From the album A-Ronne / Cries of London

It is an unforgivable cliché to speak of some innate lyricism in connection with Italian composers, as it is to speak of French sensuality, German rigor, or (perhaps worst of all) American earnestness.  But Luciano Berio—who happens to be an Italian composer—is without quarrel one of the greatest vocal composers of the 20th century.  Berio explores the full diapason of the human voice: from guttural murmurs and throat noises to precise rhythmic utterances and undulating, inflected verbalizations that sound like some invented language.  Sometimes, he even has his singers sing.  

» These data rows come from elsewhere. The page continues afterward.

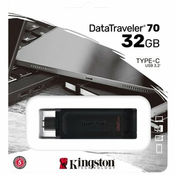 Kingston pendrive 32GB USB-C DT70: crni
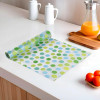 3 Meter EVA Anti Slip Kitchen Shelf Mats Roll | Shelf Liners for Kitchen Shelves &amp; Fridge | Multipurpose Cupboard Sheets for Wardrobes &amp; Drawers | Dot S2 - Green &amp; Blue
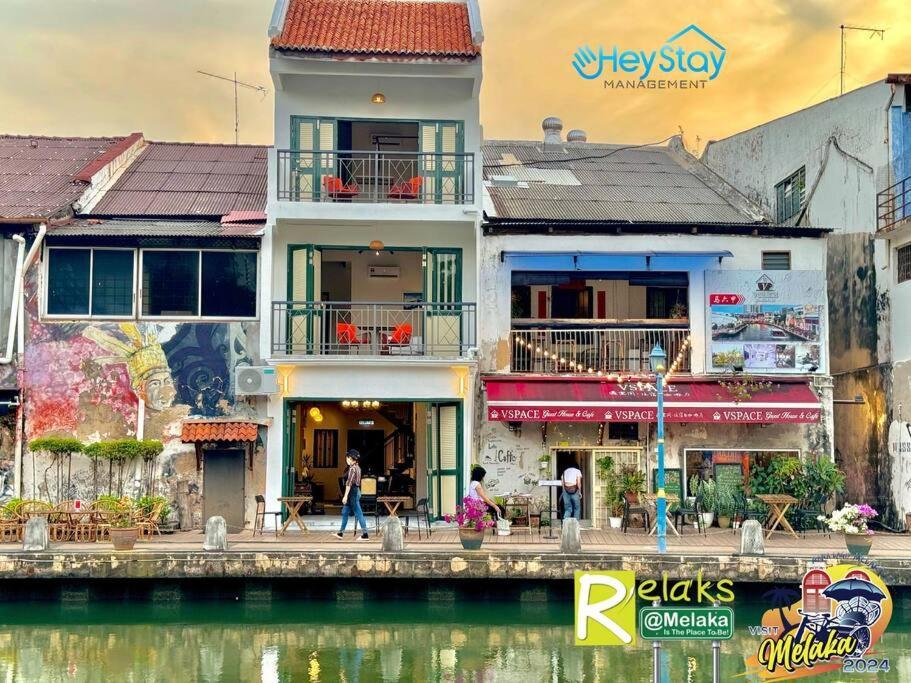 Heritage House 16Pax Riverview 3 Mins Walkjonker Villa Malacca Exteriör bild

Like its predecessor, Cries of London, which also appears on this disc, A-Ronne is actually among the most traditionally lyrical of Berio’s vocal works: there are entire passages in which the ensemble intones in gorgeous madrigalian harmony. Berio always knows when to lay on the sweetness, and (more importantly) when to let it curdle.

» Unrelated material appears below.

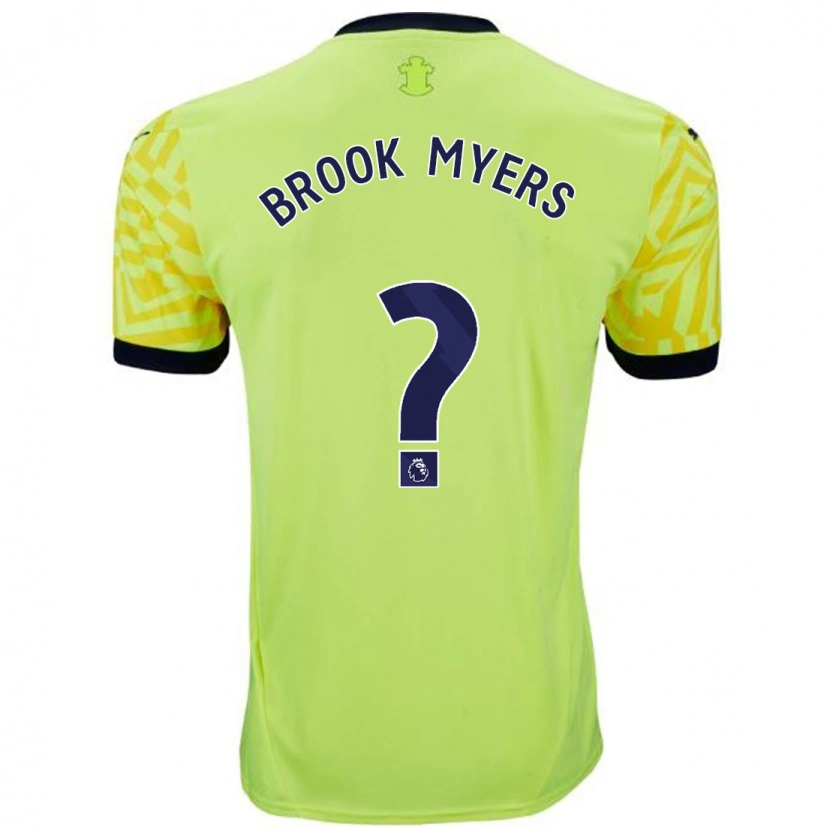 Danxen Børn Brook Myers #0 Gul Udebane Spillertrøjer 2024/25 Trøje T-Shirt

A-Ronne (the name is an old Italian idiom meaning “from A to Z”) is based on a short text by the poet Edoardo Sanguineti, with whom Berio worked on a number of projects, including Epifanie (1959-60) and Labyrinthus II (1965). Sanguineti’s poem is a patchwork of short, fragmentary phrases, quotations, and allusions to sources such as Dante, Goethe, T. S. Eliot, the Bible, and the Communist Manifesto. 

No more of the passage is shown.